After Sacre Coeur, the travelers took the Metro to the Etienne Marcel stop and wandered down the rue Montorgueil, a collection of shops and eateries not unlike Seattle's Pike Place Market. Traci bought a tasty pastry from La Patisserie Stohrer – a bakery established in 1725 and a favorite of King Louis XV. On the metro again, the travelers went to the Musee National D'art Moderne (modern art museum) where, like with New York's Museum of Modern Art (MOMA), you learn that art is in the eye of the beholder (or the one paying for it). The building is quite a contrast to Parisian architecture, and as with Seattle's Experience Music Project (EMP), has many critics. Next, Ray and Traci enjoyed treats from Berthillon, the other famous Parisian ice cream place. Ray actually preferred the nearby Amorino (from the previous day) so he bought a second ice cream from them. Traci wanted to try a falafel at L'as du Falafel, so she ordered one at the takeout window and enjoyed the delicious and spicy meal on a parkbench in nearby Places de Vosges. Stomachs full, Ray and Traci rested up for their final full day in Paris.

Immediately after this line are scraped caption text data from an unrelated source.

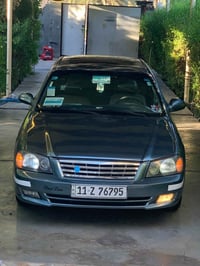 أوبتيما 2002 ..... وفود...🫠 لون ل مميز 🪬    رقم بغداد....   الدولي 11 ...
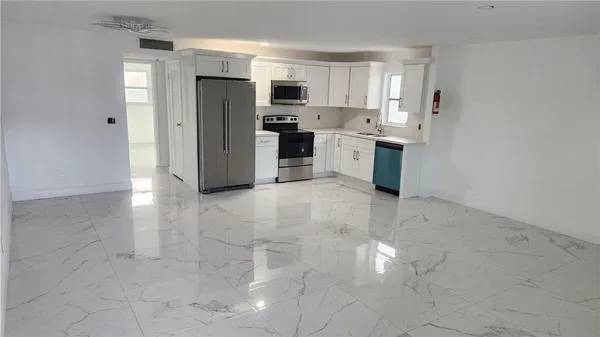a kitchen with stainless steel appliances a refrigerator sink and cabinets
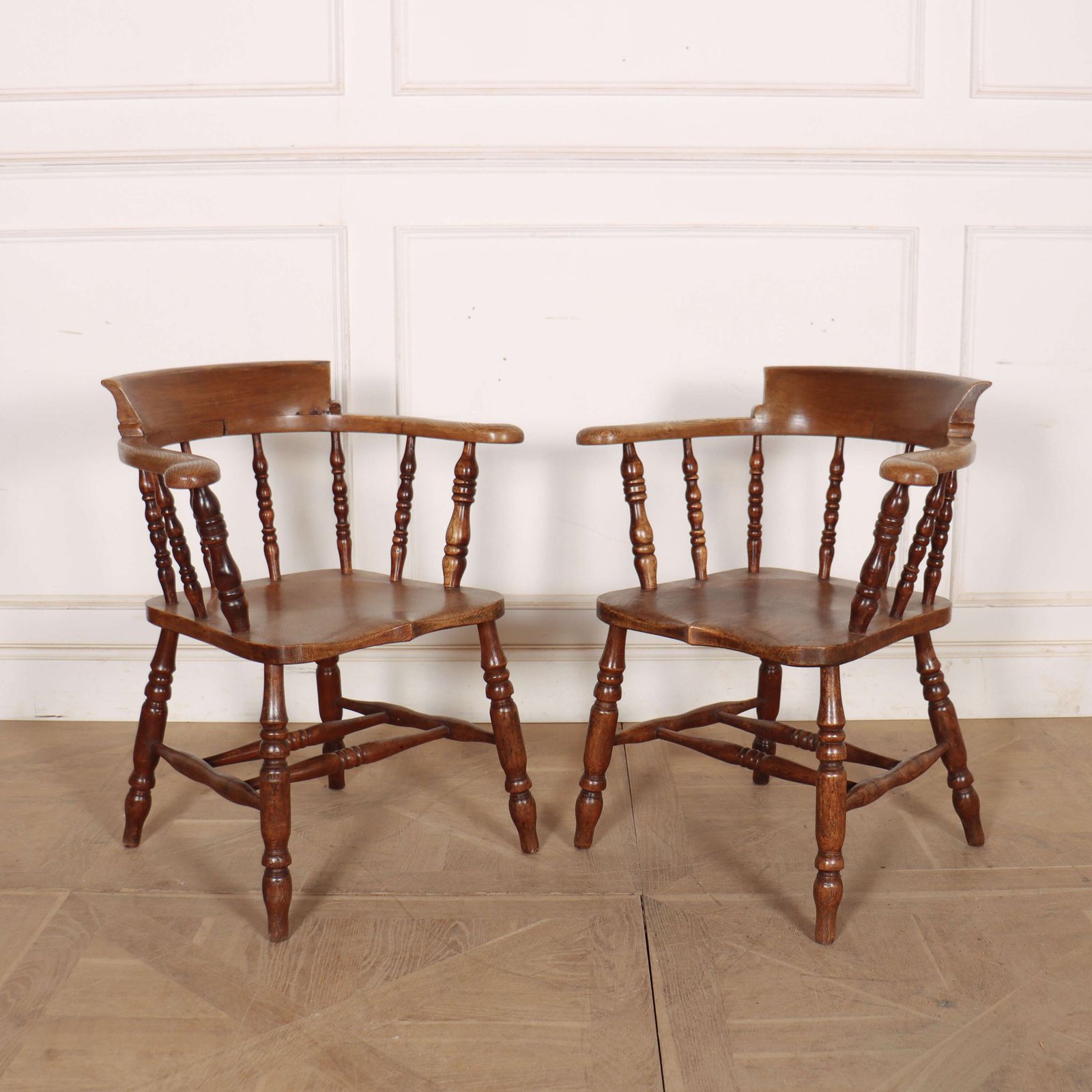 Pair Of English Smokers Bow Arm Chairs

A steady drizzle returned on Thursday. Despite the rain, Ray ran around the large running track at the park a block from the Hilton. The first stop on the dreary morning was the Louvre. Ray and Traci visited the Louvre last year during their one day Paris adventure, so this time they tried to visit exhibits they had not seen before such as Asian and Roman artifacts, and the grandiose Napoleon III apartments.

The Louvre is so massive, people talk about how many months it would require to view each item. Certain exhibits (most notably, the Mona Lisa) get huge crowds but many less well publicized objects are also quite captivating. After a few hours at the Louvre, Ray and Traci ventured back into the shopping district to pick up goodies to bring home. They started at a store selling music boxes named Anna Joliet near the Louvre, then took the metro to The Bon Marche (a blast from the past for long time Seattle residents who shopped at the big department store before Macy's took over) and then went back to Printemps and Galleries Lafayette where they purchased some specialty chocolate from Sadaharu Aoki. Fortunately, the rain stopped and the skies were partly cloudy during their shopping excursion. Exhausted and hungry, the travelers returned to the Hilton for a brief break before dinner. For their last dinner, Traci and Ray took a suggestion from their friends Mike and Nancy and went to Auberge de la Reine Blanche. The place looks like a very traditional French restaurant on Ile Saint Louis near Notre Dame. With its English menus and jam packed tables full of Americans, it was clearly catering to tourists. For 20 Euros, patrons got a 2 course meal – Traci had a French Onion soup followed by Coq au vin. Ray had a delicious ravoli with cheese, mushrooms and potatoes (tasted like au gratin potatoes) and a great steak with aioli sauce. Ray felt the meal was the best of the trip. For dessert, Traci went to nearby Amorino for one last ice cream cone.

Ray and Traci departed early the next morning using the parishuttle.com (one 's') service arranged a couple days before departure. As with their trip into the city, traffic was bad due to an accident at the airport. An unattended baggage scare also delayed the check in process so the 6:15 hotel departure for a 10:30 flight was just right for a comfortable arrival. The flights went smoothly and the traveler's baggage made it thru the Chicago connection without incident. Ray and Traci's great adventure to Paris was an amazing experience but quite exhausting. As in London, travelers get an appreciation what old and classical really mean. Seeing places such as Versailles and Normandy gives great insight into the French culture. Experiencing the beauty of Sacre Coeur is an absolute must for any Parisian adventure.